Cryptocurrencies are a new, exciting, and rapidly growing asset class. The problem is that they're not treated like other assets and for the most part competent estate planning has not been implemented in most portfolios.

Ask yourself, do you know what will happen to your crypto if something happens to you? Are they held with a broker, like Coinbase or Binance, or are they held in a private wallet?

Due to its anonymity and risk, traditional estate planning documents, including a Last Will and Testament and Trust Agreement are not well-suited to affect a transfer of cryptocurrency.
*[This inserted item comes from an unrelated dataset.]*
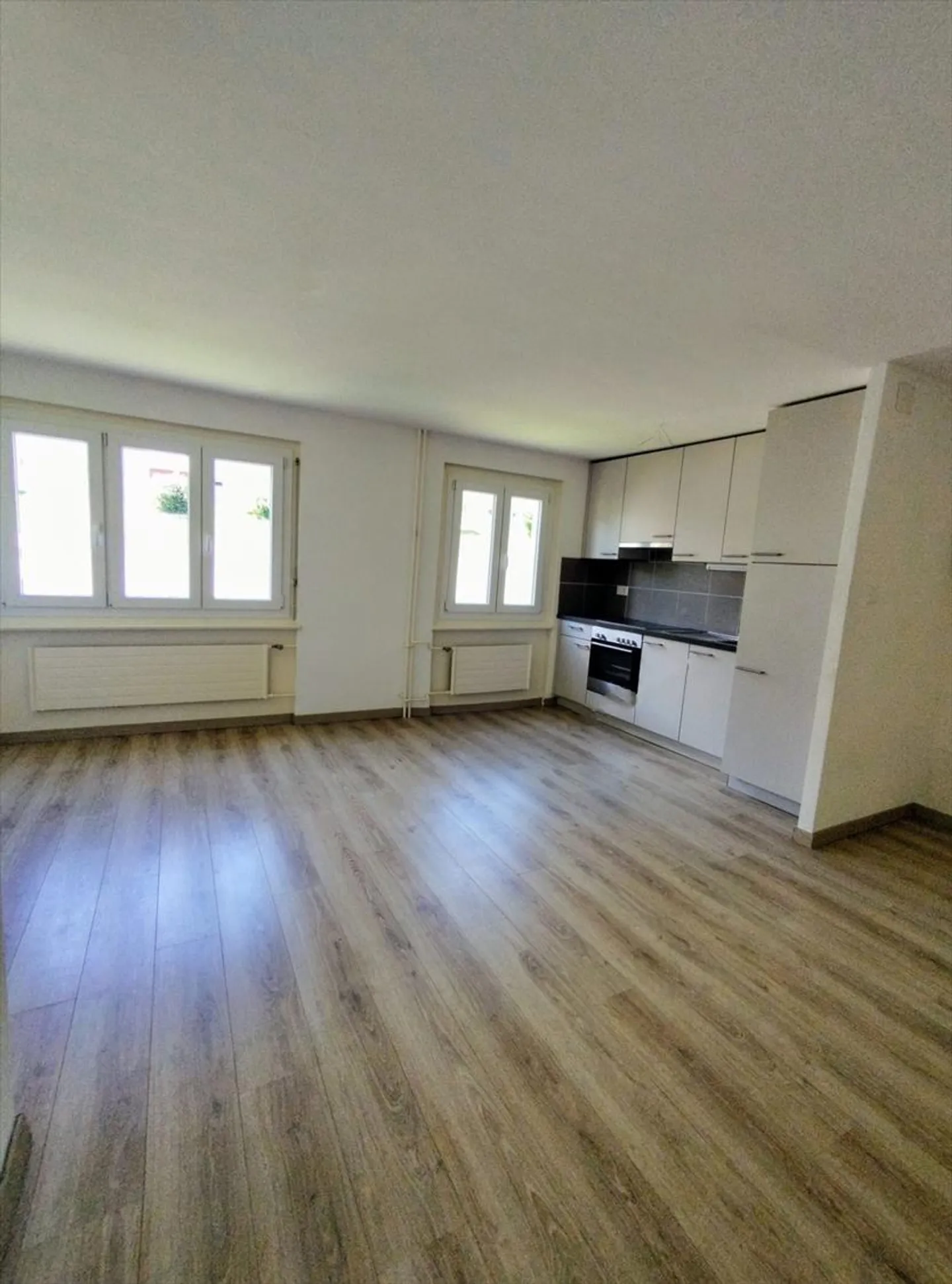 IN AFFITTO APPARTAMENTO DI 3 LOCALI CON BALCONE - Foto 2 di 6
Not only must a practitioner examine where digital assets exist online and how the cryptocurrency will be accessed/transferred to the beneficiaries, but they must also ensure that there is specific language included in the client’s estate plan which permit fiduciaries to access and manage the cryptocurrency.
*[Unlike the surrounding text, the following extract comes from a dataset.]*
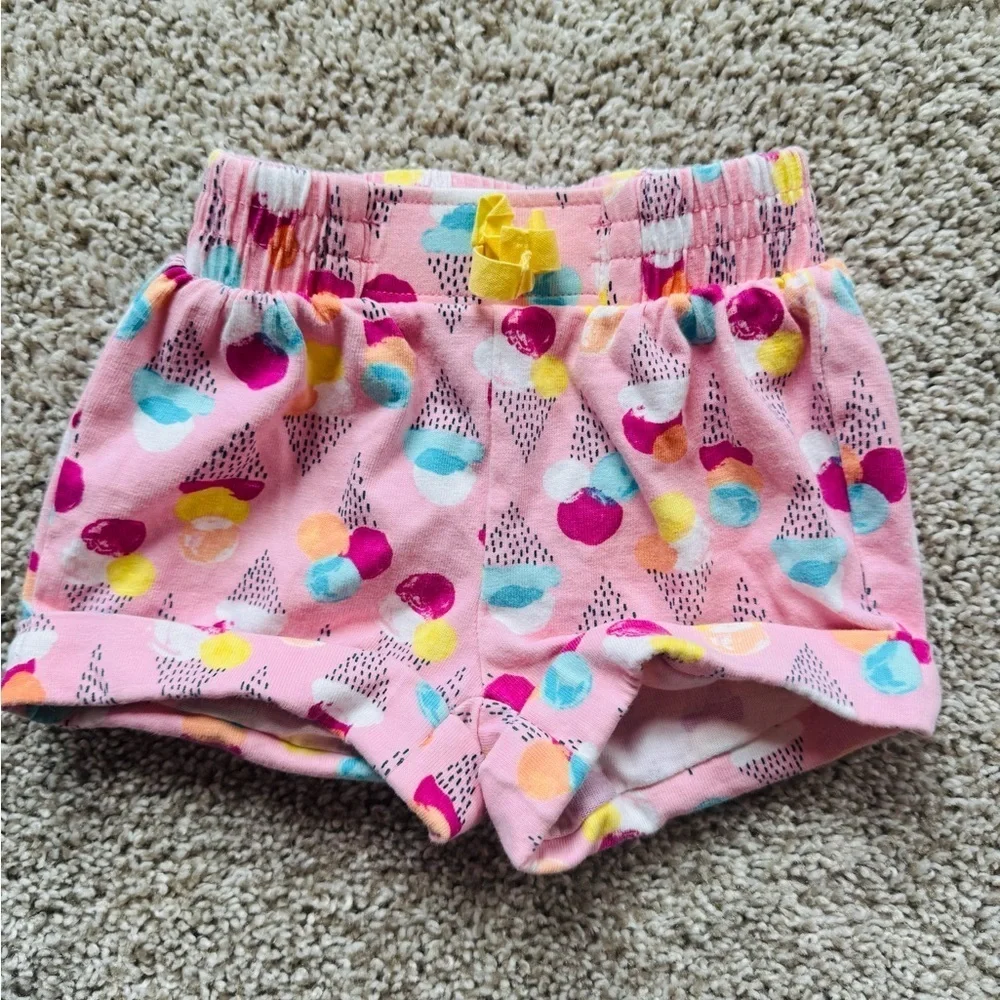 Bundle of 2 Baby Girl Shorts Plaid printed and Ice cream printed – 6-12 Months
Moreover, it is particularly important to document your cryptocurrency holdings with your estate planning attorney. Consideration must be made to ensure that assets are not lost following the owner’s death and can ultimately be distributed to intended beneficiaries. If an owner dies without passing on their private key, or if a key is discarded after death, heirs may ultimately discover the assets, but be unable to access them.

Whether you have $100 in your crypto wallet or keep a lifetime’s worth of crypto savings stowed offline in cold storage, you should have a plan to help your next of kin access the money in case you die. An unknown amount of Bitcoin — which has max of 21 million coins — is likely already lost forever, due to buyers who have died without a clear plan for succession and handling of their digital assets.

There are many real-life examples of this:

In 2019, the founder of Canada's largest crypto exchange Gerald Cotten's unexpected death led to a shock wave when his wife told the investors that the private customer keys to $135 million in cryptocurrency were only with Cotten.

In another incident, James Howells from the United Kingdom who had mined 7,500 Bitcoins and stored them on the hard drive of his laptop, were lost when he inadvertently threw away the hard drive while cleaning his home in 2013. According to today's price, those bitcoins are worth approximately $255 million.

In total, nearly $30 billion worth of Bitcoin has been lost to date, according to Coincover

Don’t let your hard work and competent investing go to waste. When it is time for your assets to be distributed be prepared.